*MATERIAL FOR THE TASK*

——

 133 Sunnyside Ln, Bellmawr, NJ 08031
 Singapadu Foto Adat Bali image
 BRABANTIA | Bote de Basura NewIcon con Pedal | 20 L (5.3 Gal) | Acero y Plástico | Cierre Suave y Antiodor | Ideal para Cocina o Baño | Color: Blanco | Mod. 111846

——

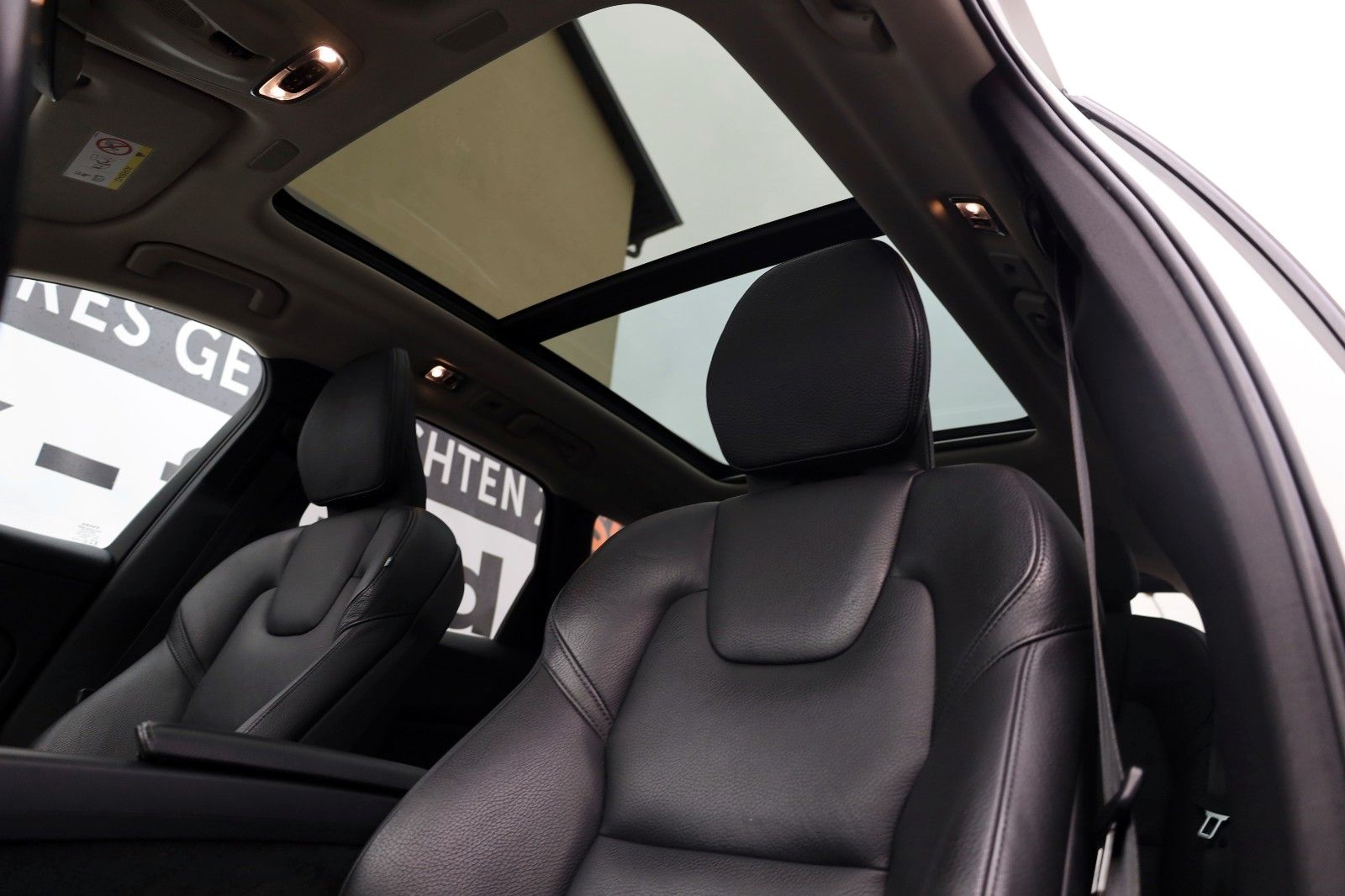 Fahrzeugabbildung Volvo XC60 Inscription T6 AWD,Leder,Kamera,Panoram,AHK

——

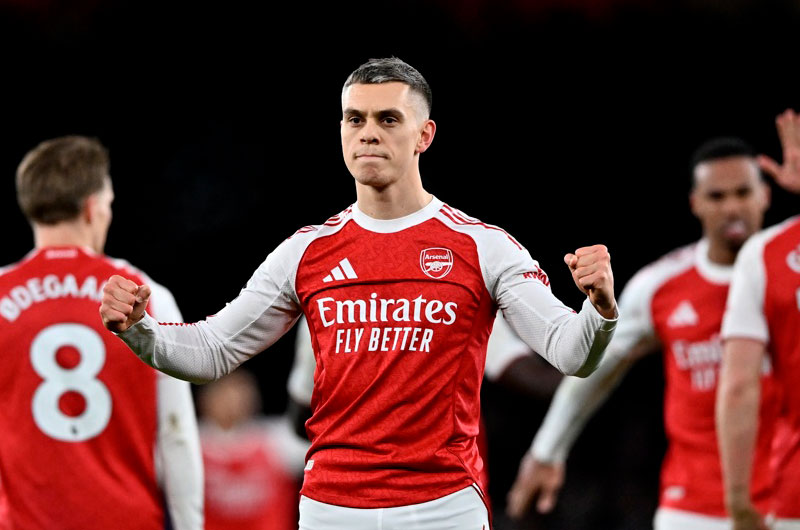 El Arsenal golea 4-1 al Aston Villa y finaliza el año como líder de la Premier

——

*EXERCISE DESCRIPTION*
Retype, exactly and in full, the lines above from the one containing "133 Sunnyside Ln, Bellmawr, NJ 08031" through the one containing "BRABANTIA | Bote".

*OUTPUT*
 133 Sunnyside Ln, Bellmawr, NJ 08031
 Singapadu Foto Adat Bali image
 BRABANTIA | Bote de Basura NewIcon con Pedal | 20 L (5.3 Gal) | Acero y Plástico | Cierre Suave y Antiodor | Ideal para Cocina o Baño | Color: Blanco | Mod. 111846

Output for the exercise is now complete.